** Opening Given data block **

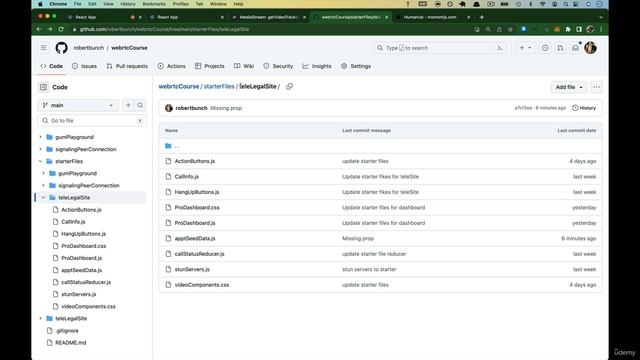 31.(5) Reorganize Appointment Data смотреть онлайн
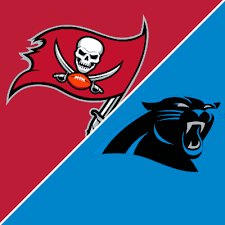 Tampa Bay Buccaneers vs. Carolina Panthers – How to Watch & Listen | NFL Week 18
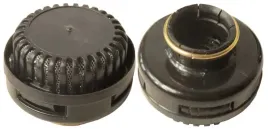 tlumik-osuszacza-pow-ivecoman-mb69mm-29-mm-daf-volvo-liebherr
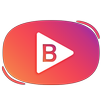 Bubble Tube - Floating Youtube Player APK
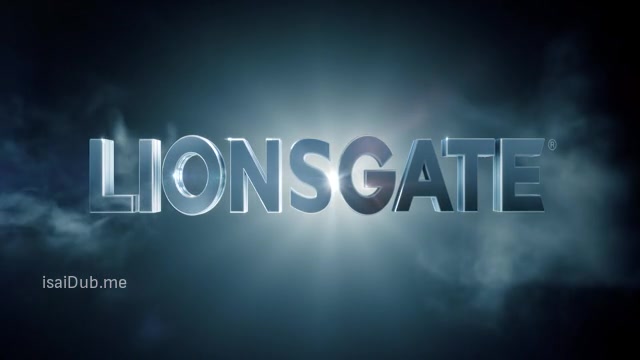 Imaginary 2024 360p HD.mp4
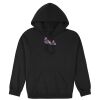 Gildan Hooded Sweatshirt Thumbnail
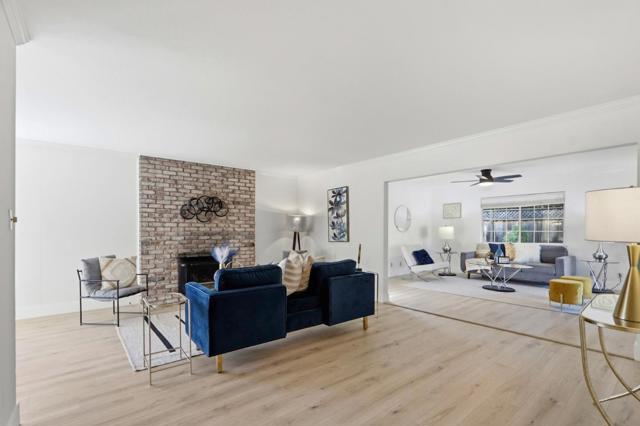 Image 11 of 34 For 696 Giannini Drive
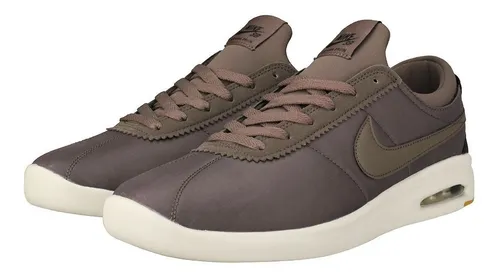 Zapatillas Nike Sb Air Bruin Vpr Txt 200 | Envío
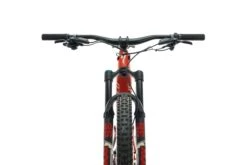 Specialized Turbo Levo SL Expert Carbon Mountain E-Bike - 2022, Medium -Specialized Shop BMT27007 PH2 07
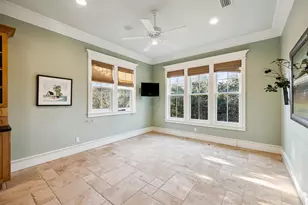 355 Blue Lake Rd, Santa Rosa Beach, FL 32459 - Photo 70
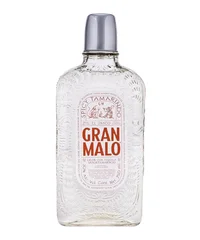 LI TEQ GRAN MALO TAMARINDO 750ML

** Closing Given data block **

- **Problem to work on**: Take the line containing "Specialized Turbo Levo" through the last line of the material and retype exactly those lines, both ends included, with no pictures.

- **Task response**:
 Specialized Turbo Levo SL Expert Carbon Mountain E-Bike - 2022, Medium -Specialized Shop BMT27007 PH2 07
 355 Blue Lake Rd, Santa Rosa Beach, FL 32459 - Photo 70
 LI TEQ GRAN MALO TAMARINDO 750ML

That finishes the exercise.